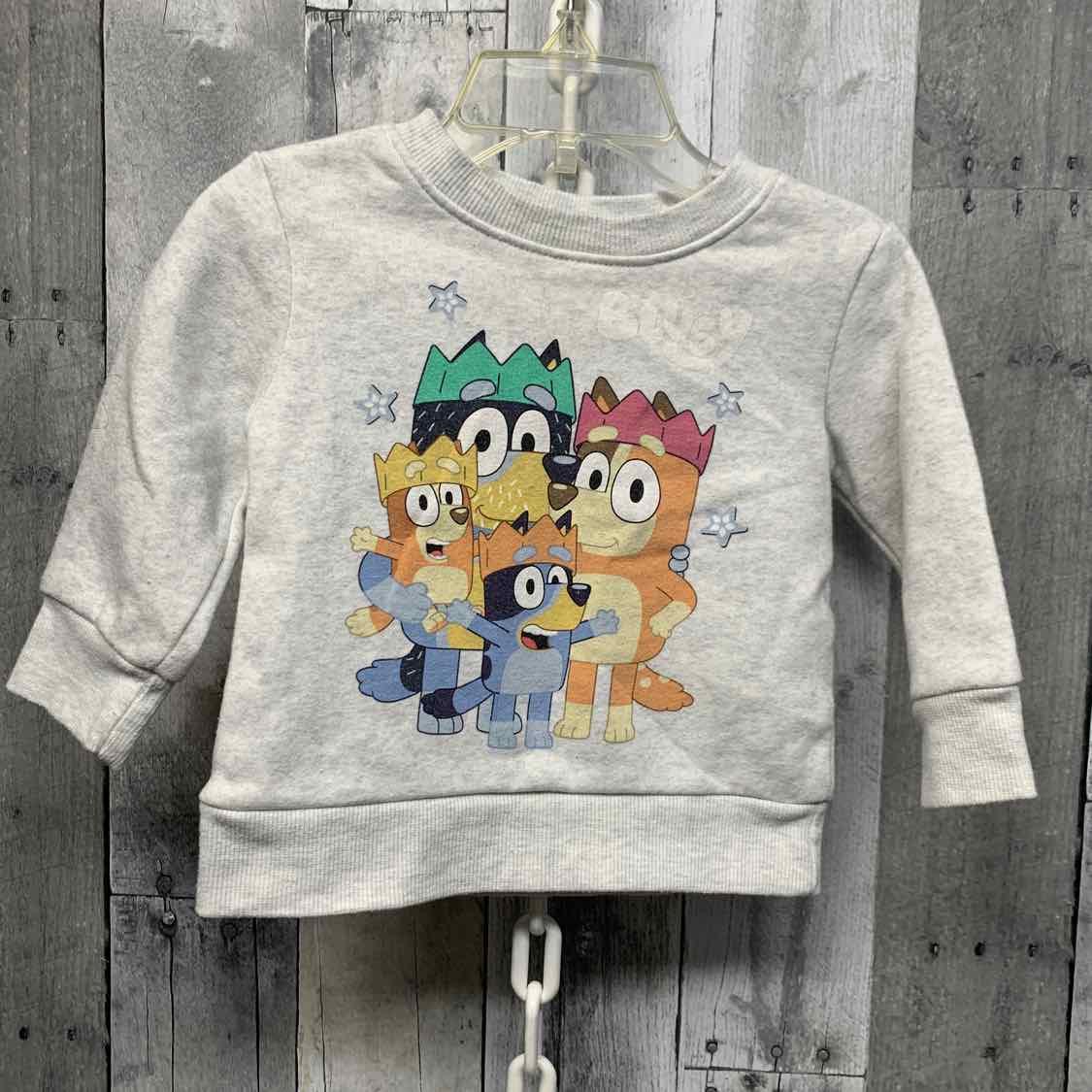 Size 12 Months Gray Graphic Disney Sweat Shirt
--
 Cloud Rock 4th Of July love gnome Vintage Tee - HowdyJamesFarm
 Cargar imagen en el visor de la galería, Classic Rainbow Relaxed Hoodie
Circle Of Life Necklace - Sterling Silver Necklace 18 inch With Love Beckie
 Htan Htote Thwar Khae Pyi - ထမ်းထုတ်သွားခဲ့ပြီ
--
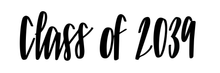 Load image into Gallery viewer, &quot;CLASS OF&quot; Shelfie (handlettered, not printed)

_Your assignment_
Restate word for word the lines of the data above, starting at the line containing "Circle Of Life" and ending at the line containing "Htan Htote Thwar", both included, and nothing more.

_Finished task_
Circle Of Life Necklace - Sterling Silver Necklace 18 inch With Love Beckie
 Htan Htote Thwar Khae Pyi - ထမ်းထုတ်သွားခဲ့ပြီ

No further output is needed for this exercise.